À ce propos, je me suis acheté un agenda avant toute cette histoire d’enterrer des mères et des enfances, il était censé remplacer l’application que j’oubliais de consulter. Elle a fonctionné deux années et soudain mes yeux ne se posaient plus dessus : les problèmes ont commencé à arriver et j’ai pensé qu’il valait mieux revenir au papier, bien ouvert sur le bureau.
Et le premier jour de l’année, à la place des rendez-vous que je devais reporter, je me suis mise à écrire quelques mots sur la journée écoulée – la force de ce mot, écoulée, imagine l’eau coulant sur la fin de la journée.

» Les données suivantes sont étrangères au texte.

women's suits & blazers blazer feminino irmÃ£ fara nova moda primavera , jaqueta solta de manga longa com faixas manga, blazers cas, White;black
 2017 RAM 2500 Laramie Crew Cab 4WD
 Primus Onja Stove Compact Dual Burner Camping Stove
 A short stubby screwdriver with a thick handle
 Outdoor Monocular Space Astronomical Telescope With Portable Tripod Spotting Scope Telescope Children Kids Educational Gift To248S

J’écris mes heures sous forme de notes. C’est un peu froid et sans vie, un peu comme la vie aux fenêtres, gris d’émotion et d’hiver. J’y dis les journées, les impromptus, les habitudes, le repas cuisiné, les courriers, les sms, les oiseaux rencontrés et les livres lus. En tout petit, le format n’est pas énorme. Ça tient bancal. Je ne sais pas pourquoi je me suis mise à cette écriture journal, mais le côté encadré, tenu, me réussit mieux qu’un carnet aux pages trop blanches. Je me trace, sans poésie. Chirurgical.
L’exercice est… étonnant.
Plus étonnant encore, j’ai recommencé à regarder mon application pour les rendez-vous et je ne rate plus rien – vague impression de m’être fait mener en bateau par mon inconscient.